-------- RECORDS SHOWN

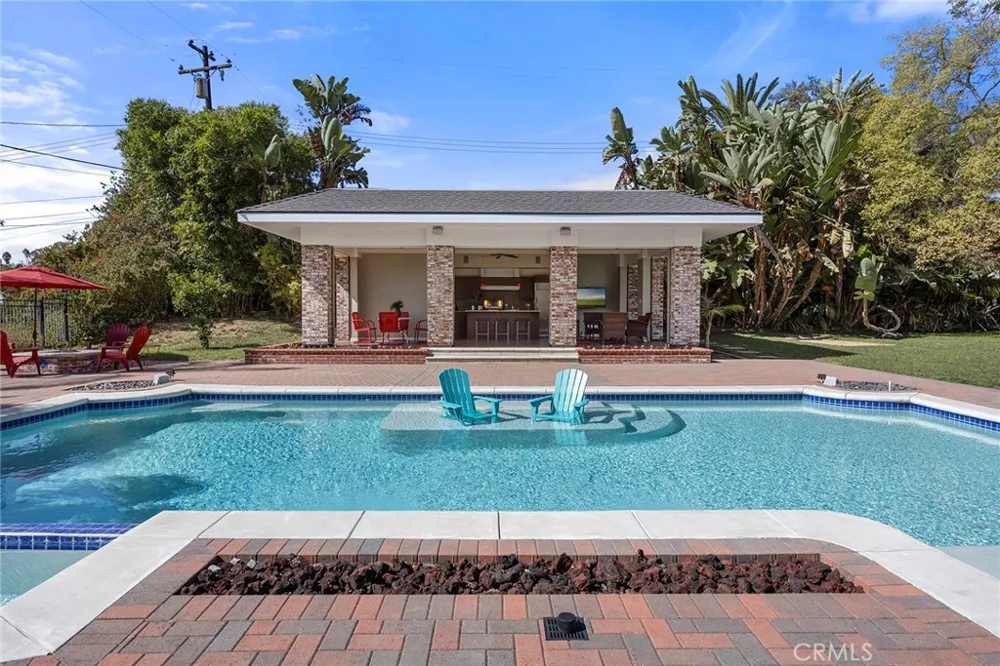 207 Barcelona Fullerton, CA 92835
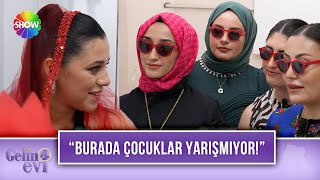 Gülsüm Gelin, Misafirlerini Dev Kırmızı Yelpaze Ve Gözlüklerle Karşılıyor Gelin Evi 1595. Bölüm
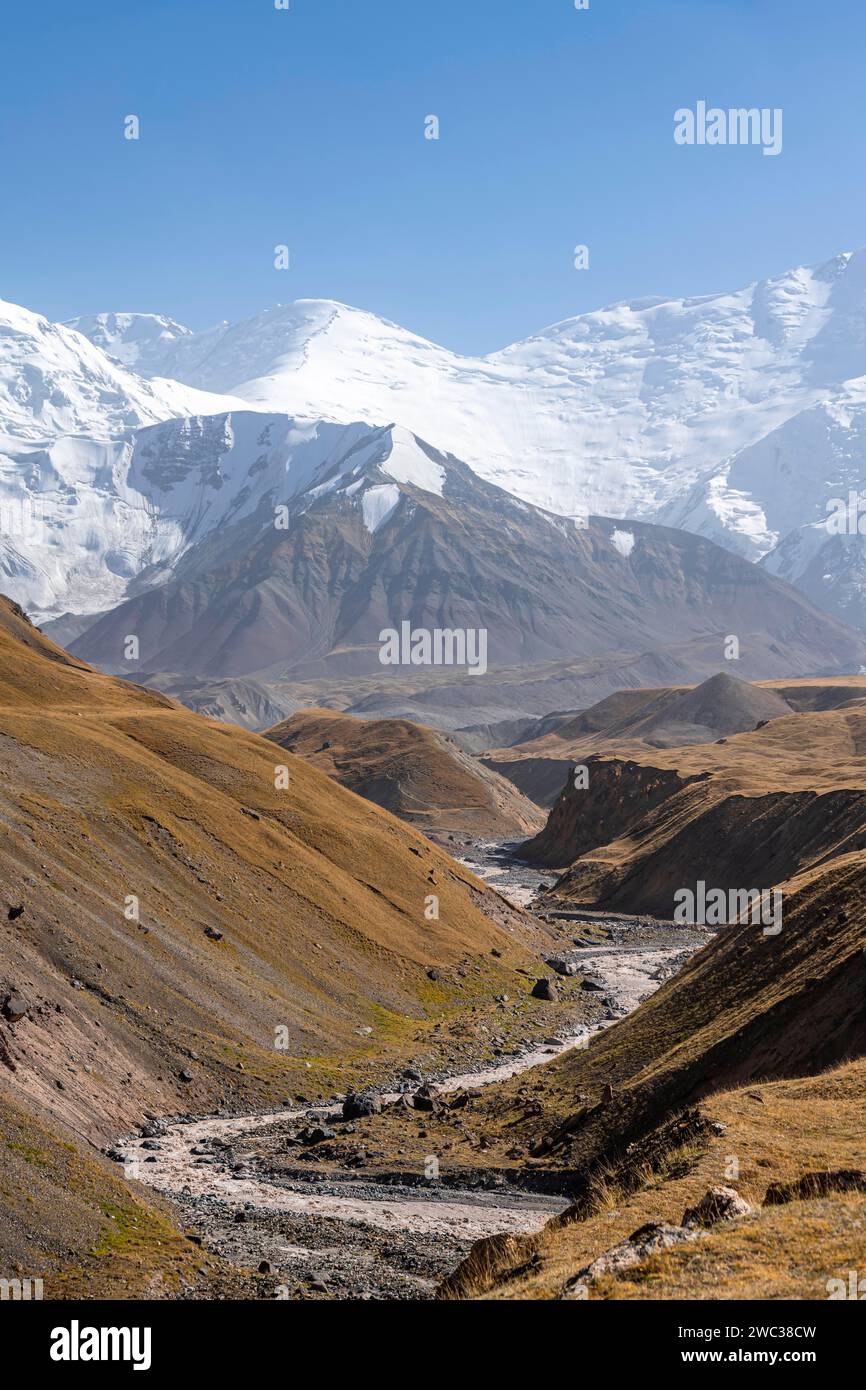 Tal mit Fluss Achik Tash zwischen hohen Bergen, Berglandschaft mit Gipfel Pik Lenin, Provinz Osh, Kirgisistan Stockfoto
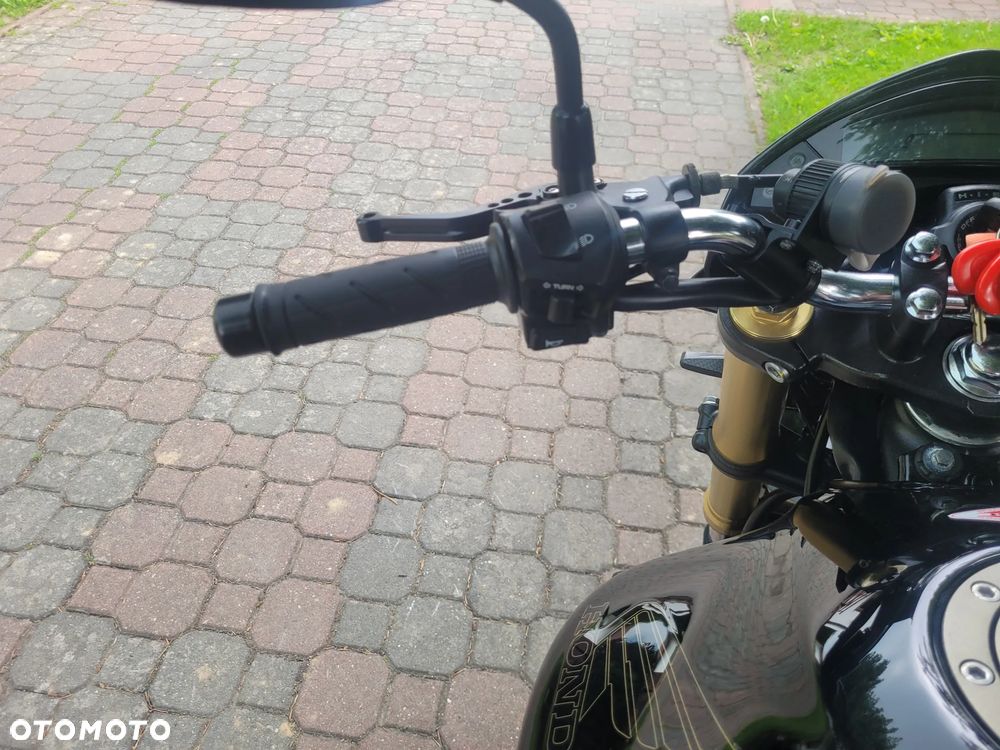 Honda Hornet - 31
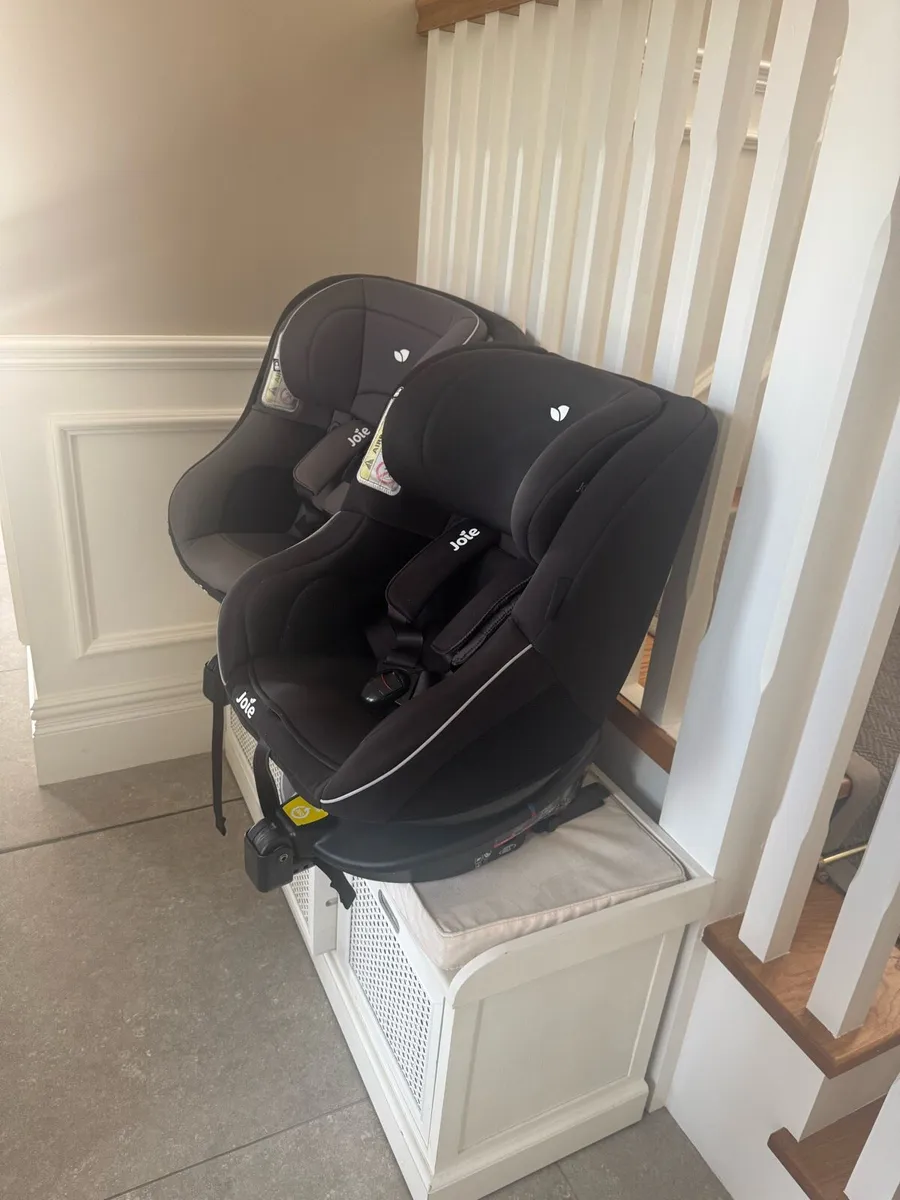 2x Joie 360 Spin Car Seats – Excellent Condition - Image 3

----------------
-------- RECORDS SHOWN

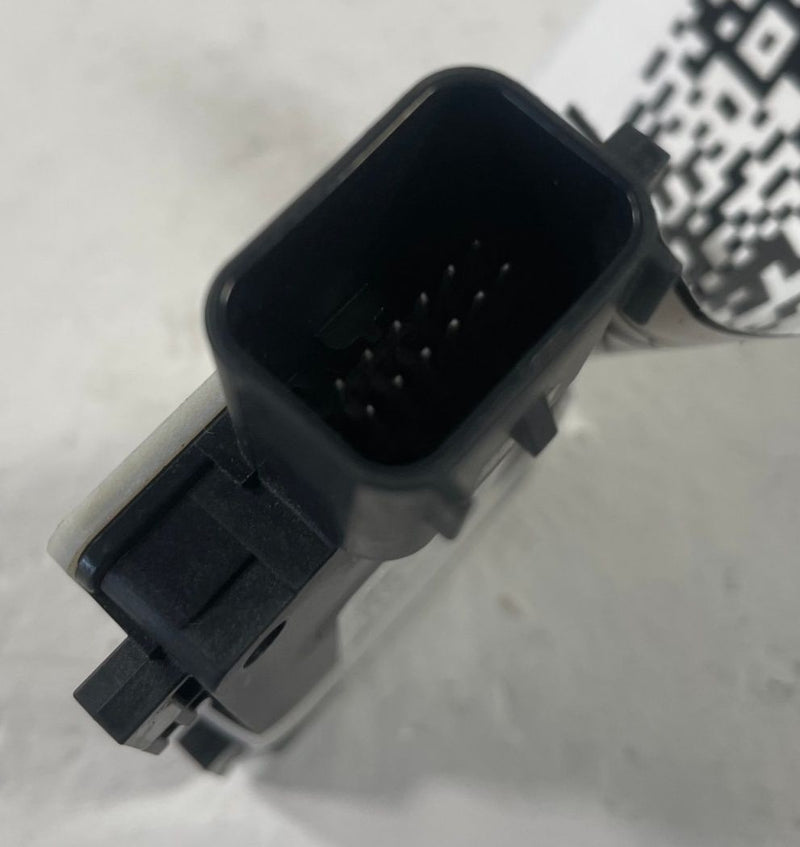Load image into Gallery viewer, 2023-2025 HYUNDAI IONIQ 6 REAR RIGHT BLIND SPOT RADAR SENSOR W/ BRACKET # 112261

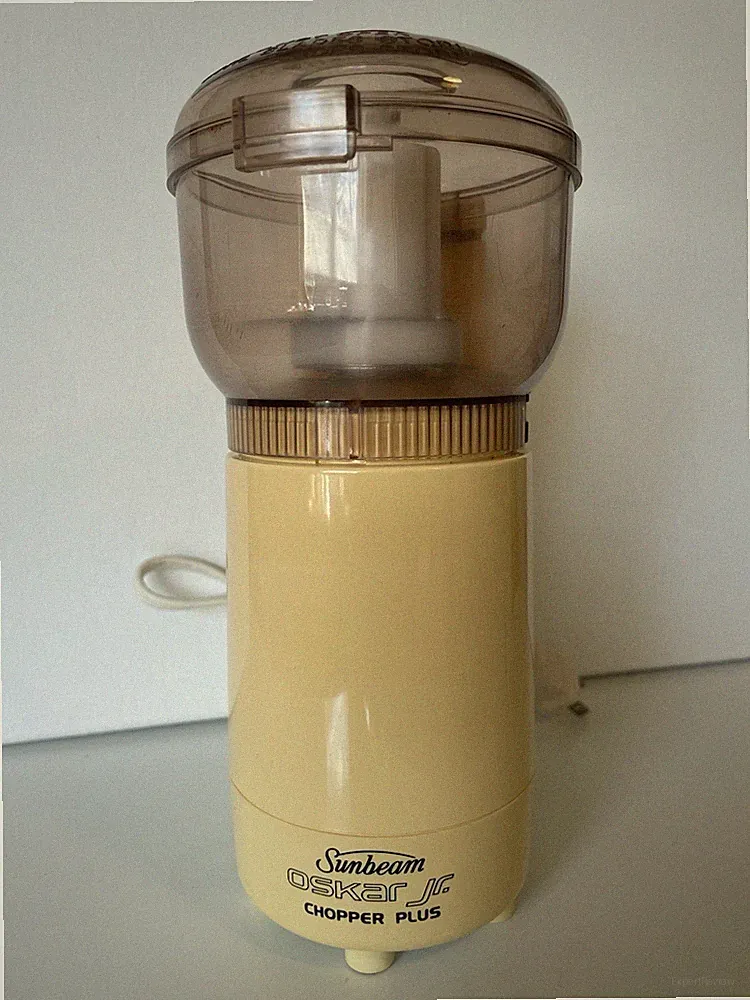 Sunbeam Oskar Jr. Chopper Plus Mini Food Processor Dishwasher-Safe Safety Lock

----------------
-------- RECORDS SHOWN

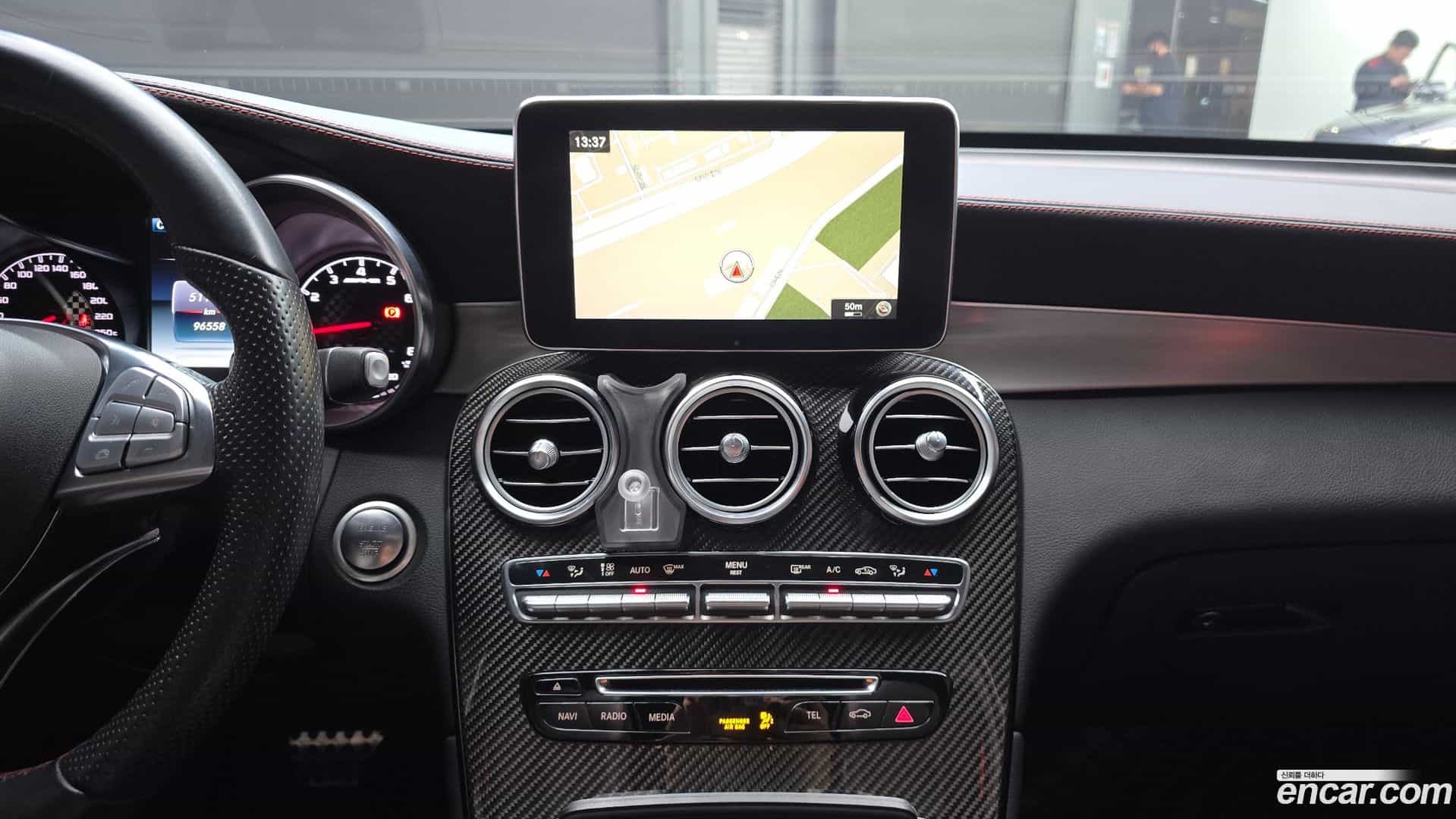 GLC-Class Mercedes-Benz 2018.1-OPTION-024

----------------

TASK INSTRUCTIONS: Among the entries above, find the line with "Gülsüm Gelin, Misafirlerini" and repeat exactly from there through the line with "2x Joie 360", leaving out the pictures.

SOLVED EXERCISE:
 Gülsüm Gelin, Misafirlerini Dev Kırmızı Yelpaze Ve Gözlüklerle Karşılıyor Gelin Evi 1595. Bölüm
 Tal mit Fluss Achik Tash zwischen hohen Bergen, Berglandschaft mit Gipfel Pik Lenin, Provinz Osh, Kirgisistan Stockfoto
 Honda Hornet - 31
 2x Joie 360 Spin Car Seats – Excellent Condition - Image 3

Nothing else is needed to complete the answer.